How hard can it be to create your own inductors? Get a wire. Coil it up. Right? Well, the devil is definitely in the details, and [Nick] wants to share his ten tips for building “the perfect” inductor. We don’t know about perfect, but we do think he brings up some very good points. Check out his video below.
If you are winding wire around your finger (or, as it appears in the video, a fork) or you are using a beefy ferrite core, you’ll find something interesting in the video.
Of course, the issue with inductors is that wires aren’t perfect, nor are core materials. Factors like this lead to inefficiency and loss, sometimes in a frequency-dependent way.
It looks like [Nick] is building a large switching power supply, so the subject inductor is a handful. He demonstrates some useful computational tools for analyzing data about cores, for example.
We learned a lot watching the tricks, but we were more interested in the inductor’s construction. We have to admit that the computed inductance of the coil matched quite closely to the measured value.
Need a variable inductor? No problem. Before ferrite cores, good coils were a lot harder to wind.

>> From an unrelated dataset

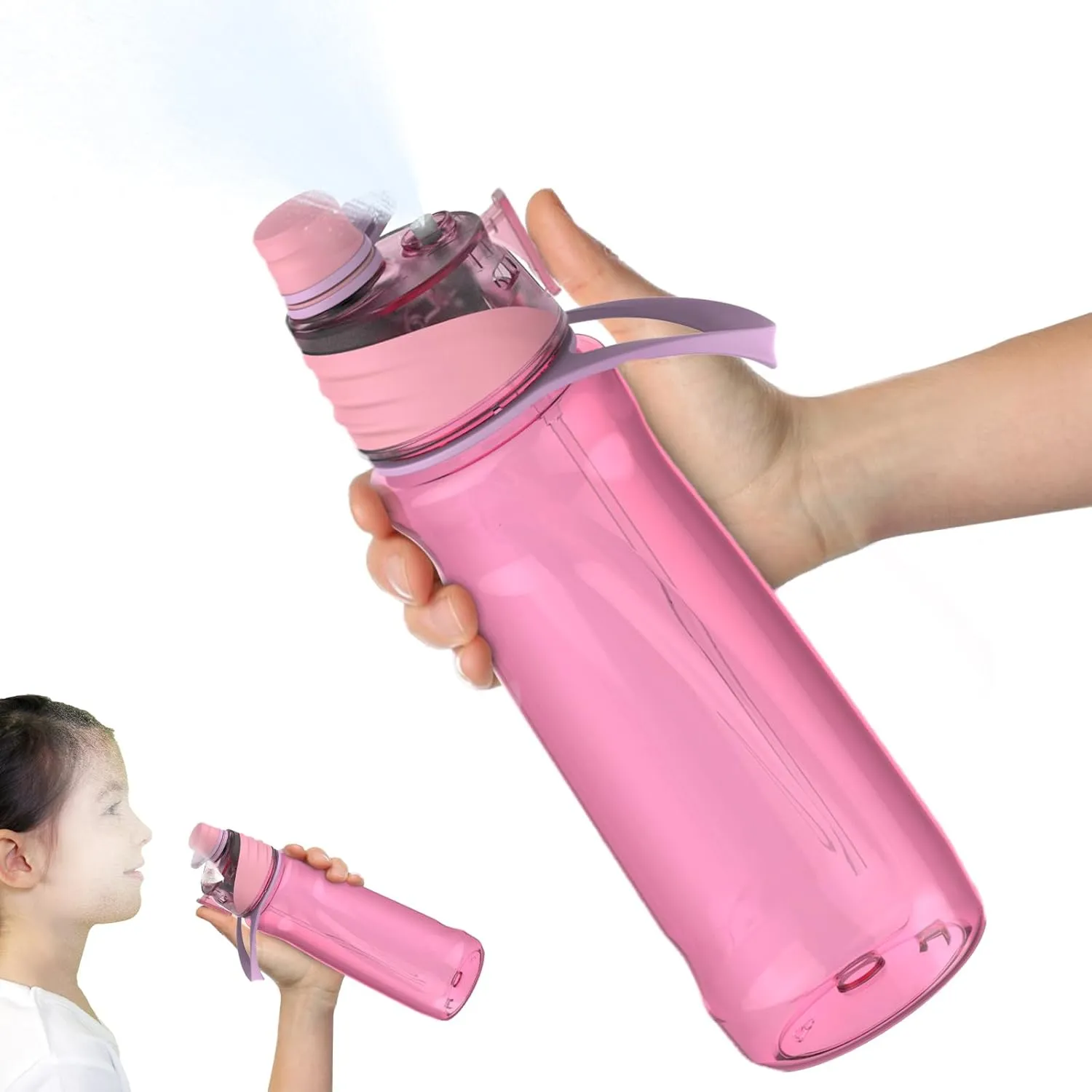 FEIJIAN Mist & Sip Water Bottle, 22oz, BPA-Free, Leakproof & Lightweight, Ideal for Fitness & Outdoor, Pink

Exciting! I’ll have a watch when i get time! Inductors have been the Achilles heel in my toolbox for quite some time, i hope that changed
This takes me back to the time when I was tasked with designing a current supply to drive a very weird and cantankerous negative-resistance load, with output varying smoothly from 10mA at 2000V up to 2A at 400V. My design was basically a boost converter, but with an output transformer that had eight isolated secondary windings, each winding tailored to work over a portion of the output range. The nominal voltages of the windings were 800, 800, 400, 200, 100, 50, 25, and 12.5V. This was followed by logic that switched the different windings in and out as necessary, so that the available voltage was never more than 12.5V greater than what was required to maintain the desired current. Finally, there was a conventional linear regulator whose job was to take up the 0-12.5V slack between the transformer output voltage and whatever was required.
The transformer was a large ferrite pot core (the largest I could find at the time, in fact), and squeezing all of the windings into it while maintaining isolation was a challenge. I became well versed in the dielectric properties of extremely thin mylar tape. I also had to design some custom-machined HDPE bobbins to hold the windings.
Somewhat surprisingly, it all worked fine.
He stole his microphone from “notanengineer”. For the rest, I stopped the video after 70s, because I’m a bit allergic to background “music”.
I don’t know who [notanengineer] stole it from, but I’ve seen that gag floating around before him. It’s a funny bit, though. :)
Ive alwys gone by simple ratios nd common sense. Need 12V AC? 10 :1. Need to make a simple inverter with 10 pk-pk with 5V supply? 2:1. Common sense sys you cant have super short wire (short) or too long a wire, and its got to be big enough to carry the current.
Has served me well over the years. Yep, not perfect, but never really had any problems. Frequency maybe, but not an “issue”.
Oh yeah, and on a current transformer, the output will (WILL) try to drive whatever current it is designed for, that means an open circuit output “could” go to very high voltages trying to get there. Gotta have a load.